■ Input data
·····

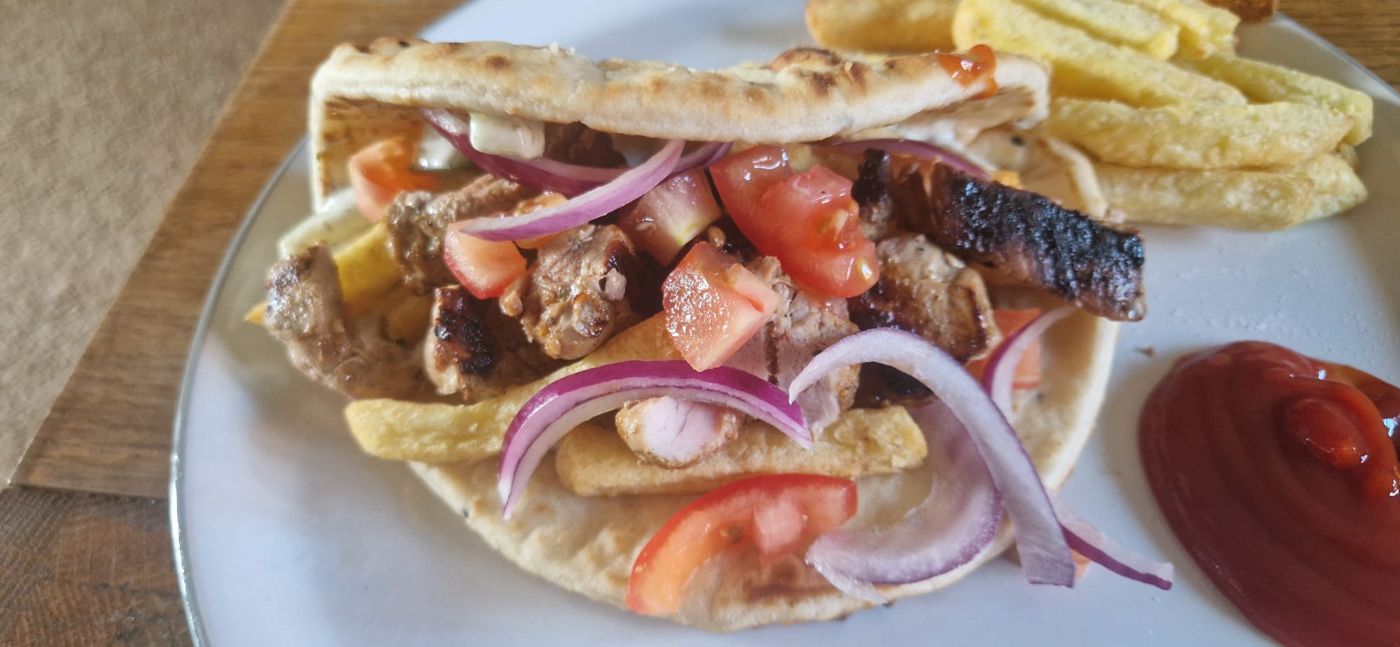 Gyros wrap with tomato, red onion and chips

·····

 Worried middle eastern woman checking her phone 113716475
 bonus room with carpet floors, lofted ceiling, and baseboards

·····

■ Work order
Using the entries above, extract exactly the span from the line with "Worried middle eastern" to the line with "bonus room with", both lines included; leave out everything else.

■ Result of this exercise
 Worried middle eastern woman checking her phone 113716475
 bonus room with carpet floors, lofted ceiling, and baseboards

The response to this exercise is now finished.